Bitcoin of four years (BTC) The market cycle of the training of new heights of all time followed by deep corrections is not dead, unlike popular belief, according to the CEO of Xapo Bank, Seamus Rocca.
In an interview in Cointelegraph, the CEO declared that the risk of Prolonged bear market is always very real and does not need a “cataclysmic” event to trigger it. Things as simple as a general slowdown in news, developments or rebalancing of routine wallet could cause the next deception across the market. He added:
“We all want to think that Bitcoin is a cover of inflation, and I think it will be this cover of inflation one day. But I’m not sure we are still there. I always see it as an asset at risk.
“The contagion effect could be as simple as there is no news on the market”, causing the “cryptography sector”, in an organic and developed process, added the CEO.
Some bitcoin investors, industry executives and cryptography market analysts say that the The four -year market cycle is dead or moved to the point where Net and prolonged cyclical corrections No longer is probably due to the presence of institutions and the maturation of crypto as a class of assets.

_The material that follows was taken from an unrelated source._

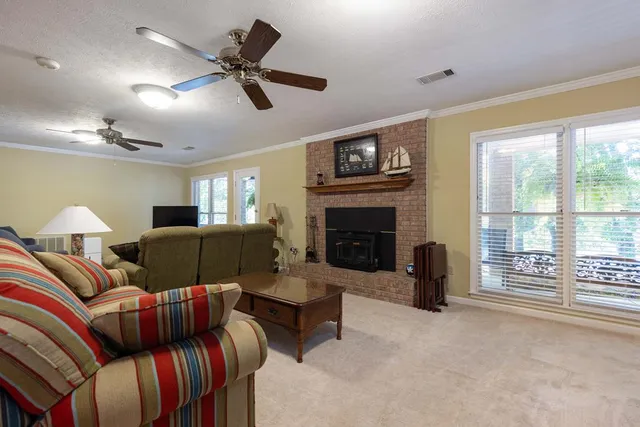 a living room with furniture a flat screen tv and a refrigerator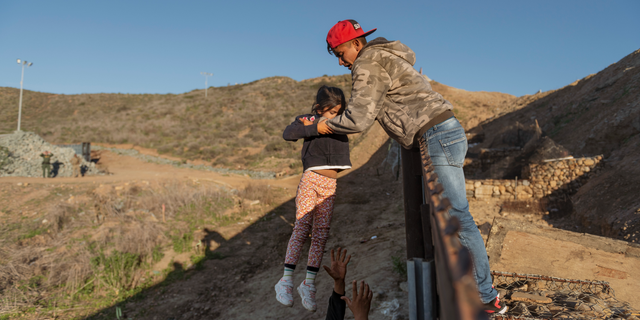 A migrant from Honduras pass a child to her father after he jumped the border fence to get into the U.S. side to San Diego, Calif., from Tijuana, Mexico, Thursday, Jan. 3, 2019. Discouraged by the long wait to apply for asylum through official ports of entry, many migrants from recent caravans are choosing to cross the U.S. border wall and hand themselves in to border patrol agents. (AP Photo/Daniel Ochoa de Olza)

Institutional purchase will not save the historic trend markets
“So many people say:” Oh, the institutions are there and, therefore, the cyclical genre of the nature of Bitcoin is dead “. I’m not sure I agree with that, “Seamus Rocca told Cointelegraph.
The point of view of the CEO has been taken up by others in industry, including The educator and analyst Bitcoin Matthew Kratter and the author of “The Bushido of Bitcoin”, Aleksandar Svetski.
https://www.youtube.com/watch?v=hb0z1ti8uys
“Human psychology will never change. Cycles have nothing to do with Bitcoin and everything to do with people. The same boom and the same crash will happen this time job.
Others, such as the risk of venture capital (VC), warn that Bitcoin cash companies have been able to Spark the Next Bear Market.
However, analysts of the company VC also said that contagion could be limited if most of these cash companies continue to finance their Bitcoin purchases mainly through equity rather than debts.